Firehose supports database as a source in all Amazon Web Services Regions except China Regions, Amazon GovCloud (US) Regions, and Asia Pacific (Malaysia). This feature is in preview and is subject to change. Do not use it for your production workloads.

Buffer data for dynamic partitioning

Amazon Data Firehose buffers incoming streaming data to a certain size and for a certain period of time before delivering it to the specified destinations. You can configure the buffer size and the buffer interval while creating new Firehose streams or update the buffer size and the buffer interval on your existing Firehose streams. A buffer size is measured in MBs and a buffer interval is measured in seconds.

Note

Zero buffering feature is not available for dynamic partitioning.

When dynamic partitioning is enabled, Firehose internally buffers records that belong to a given partition based on the configured buffering hint (size and time) before delivering these records to your Amazon S3 bucket. In order to deliver maximum size objects, Firehose uses multi-stage buffering internally. Therefore, end-to-end delay of a batch of records might be 1.5 times of the configured buffering hint time. This affects the data freshness of a Firehose stream.

The active partition count is the total number of active partitions within the delivery buffer. For example, if the dynamic partitioning query constructs 3 partitions per second and you have a buffer hint configuration triggering delivery every 60 seconds, then on average you would have 180 active partitions. If Firehose cannot deliver the data in a partition to a destination, this partition is counted as active in the delivery buffer until it can be delivered.

A new partition is created when an S3 prefix is evaluated to a new value based on the record data fields and the S3 prefix expressions.

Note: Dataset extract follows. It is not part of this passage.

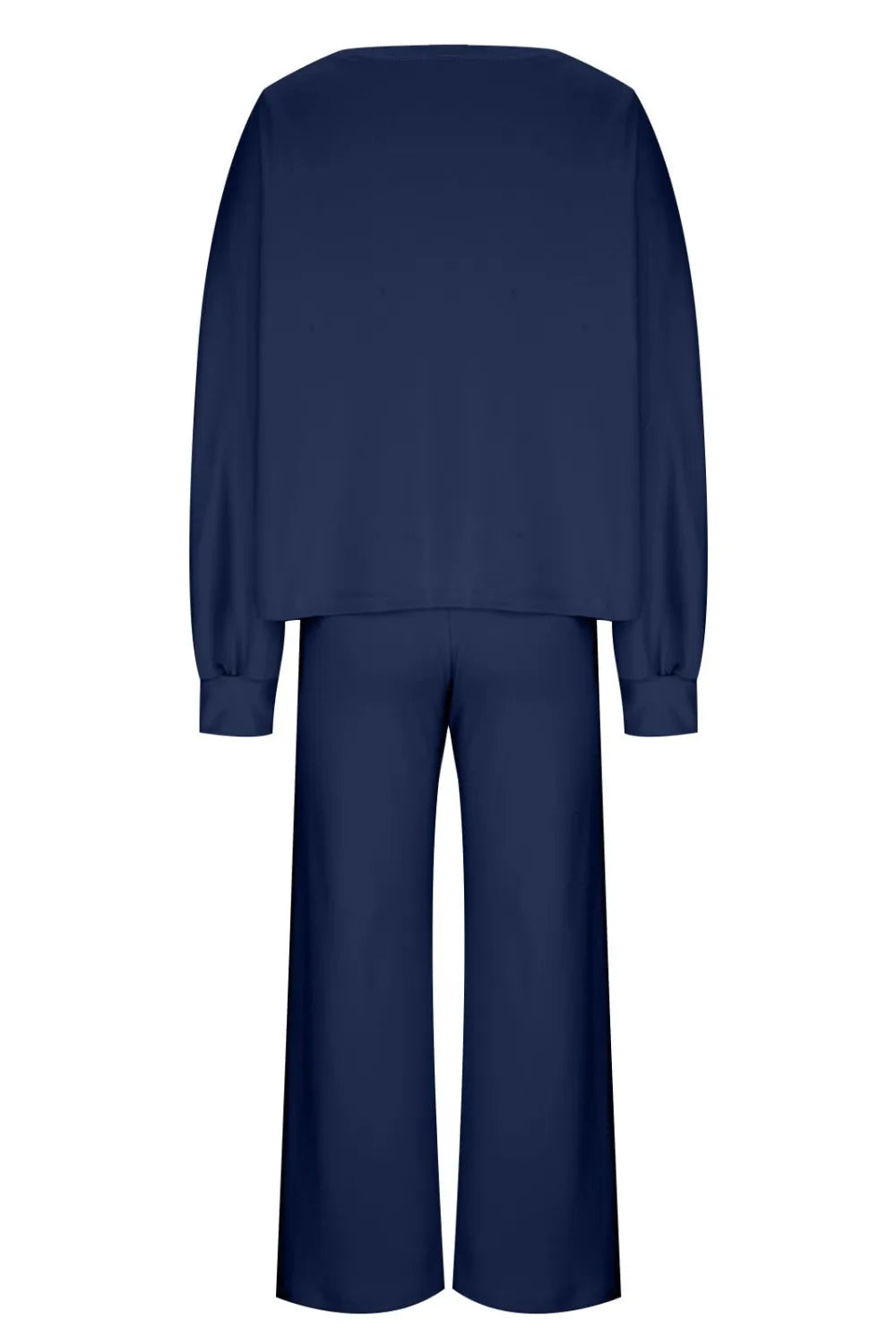 Round Neck Long Sleeve Top and Pants Set Carauana Store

A new buffer is created for each active partition. Every subsequent record with the same evaluated S3 prefix is delivered to that buffer.

Once the buffer meets the buffer size limit or the buffer time interval, Firehose creates an object with the buffer data and delivers it to the specified Amazon S3 prefix. After the object is delivered, the buffer for that partition and the partition itself are deleted and removed from the active partitions count.

Firehose delivers each buffer data as a single object once the buffer size or interval are met for each partition separately. Once the number of active partitions reaches a limit of 500 per Firehose stream, the rest of the records in the Firehose stream are delivered to the specified S3 error bucket prefix (activePartitionExceeded). You can use the Amazon Data Firehose Limits form to request an increase of this quota up to 5000 active partitions per given Firehose stream. If you need more partitions, you can create more Firehose streams and distribute the active partitions across them.